The wild blue yonder


So last week I was waxing nostalgic about airports of yesteryear. I think we’ll stay with the air travel theme. It’ll be fun looking at the delights of flying in 2015.  Like getting the flu.

So buckle up, take a Tums and get the vomit bag out – it’s probably going to be a bumpy ride.

After a long (for AGMA) spell of staying put, I’m heading back to the friendly skies again. Or maybe we should call them the “ambivalent, but you still won’t get pretzels or reclining seats” skies.

One of the most nerve wracking challenges air travelers face today is “roller board roulette”.  It’s when you gamble that there might actually be overhead bin space and bring a carry-on bag.


You say the Rosary before you do online check-in and pray that, when you print off your boarding pass, the magic words “Zone 1” appear. Zone 2 is just too iffy…

Honestly, the last thing you want to hear on the plane is, “You’re going to need to gate check your bag.”  I get chills even thinking about it.

This is never an issue when I fly with my husband. He has a degenerative neurological condition that is affecting his legs. It causes him to walk very slowly with a cane, and leaves him able only go short distances before he poops out.

Not good.

And getting to some gates at certain airports is like running a 5K. You need to stop a few times on the way to get nutrition, hydrate, take bathroom breaks and stretch. And oh, the stabbing pain if you’re loaded down with a heavy backpack and carry-on.

As a result, we always request wheelchair assistance to get him to and from our gates. This has been an adventure in and of itself.

But that’s another post for another day…

Because of his mobility issue, we’re always the first to board no matter what zone is on our boarding pass. It’s us and the people flying with small, screaming children, their strollers and their car seats. So…we always have space for our roller boards no matter how full the flight is.

This has spoiled me. It’s easy to get used to not having to wrestle the person sitting across the aisle for space in an overhead bin.

But when I fly alone, reality slaps me in the face like a hung over Kardashian.

No priority boarding for AGMA. I’m with the masses, waiting and jockeying for position at the gate. It’s like being in no man’s land. Everybody is suspiciously eyeing everybody else and their carry-ons. Feigning disinterest, but with a desperate, hungry look in their eyes, some try to sneak a glance at the zone on your boarding pass. They are the “overhead bin space” hunters and your roller board is the hunted.
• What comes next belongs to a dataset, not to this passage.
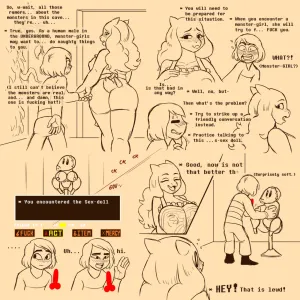 Under(her)tail 1 - Reset - page 10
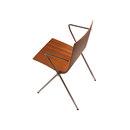 Arktis Furniture Clash 232 Conferenza / Riunione Eventi Sedute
The Huger Games meets the ambivalent skies.

I flew to Washington, D.C. several weeks ago on Delta. Being one of their Skymiles members AND having their credit card, I think I’m a pretty hot stuff on Delta. Too bad Delta doesn’t agree.

I checked my luggage on this trip, but had a very bulky backpack. I really, really didn’t want to have to smoosh it under my seat and not have room for my feet.  Total First World non-problem, I realize.

But birds chirped, violin music played and rainbow ponies filled the air when I saw my boarding pass.  The coveted, much envied and much desired Zone 1.  Score!

At the gate, the teaming masses undulated. A surge of pity went through me.  And although I knew I wouldn’t have to do battle to get space for my backpack, I realized the carnage that was about to befall most of the non-Zone 1 people who brought carry-ons. My heart ached for them…

The people pressed forward toward the gate when the agent announced priority boarding for people needing extra time to board. I did the smug sideways glance knowing that my Zone 1 status would soon separate me from the amorphous blob of testy, tired travelers.

Then the gate agent announced boarding for First Class, Diamond Medallion and Delta One customers. 30 people boarded. Of course they were next, but certainly Zone 1 would after them. Right?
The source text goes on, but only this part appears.